(The records)

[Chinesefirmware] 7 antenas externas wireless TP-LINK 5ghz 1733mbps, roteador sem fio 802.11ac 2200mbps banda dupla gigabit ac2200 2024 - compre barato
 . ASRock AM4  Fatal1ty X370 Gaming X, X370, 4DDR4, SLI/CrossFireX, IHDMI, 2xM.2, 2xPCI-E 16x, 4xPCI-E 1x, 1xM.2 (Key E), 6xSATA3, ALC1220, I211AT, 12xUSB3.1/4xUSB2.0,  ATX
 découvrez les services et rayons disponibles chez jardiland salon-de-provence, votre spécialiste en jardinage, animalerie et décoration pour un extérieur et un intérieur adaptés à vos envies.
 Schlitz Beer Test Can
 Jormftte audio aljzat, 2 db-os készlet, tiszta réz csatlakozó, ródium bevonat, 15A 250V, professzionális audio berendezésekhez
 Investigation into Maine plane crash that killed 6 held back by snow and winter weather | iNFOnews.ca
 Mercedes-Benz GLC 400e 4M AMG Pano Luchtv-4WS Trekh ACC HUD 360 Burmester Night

(End The records)

■ **Task**
Only the lines from the first line of the records through the one containing "Fatal1ty X370 Gaming" should be reproduced, exactly, with both of them included.

■ **Reply**
[Chinesefirmware] 7 antenas externas wireless TP-LINK 5ghz 1733mbps, roteador sem fio 802.11ac 2200mbps banda dupla gigabit ac2200 2024 - compre barato
 . ASRock AM4  Fatal1ty X370 Gaming X, X370, 4DDR4, SLI/CrossFireX, IHDMI, 2xM.2, 2xPCI-E 16x, 4xPCI-E 1x, 1xM.2 (Key E), 6xSATA3, ALC1220, I211AT, 12xUSB3.1/4xUSB2.0,  ATX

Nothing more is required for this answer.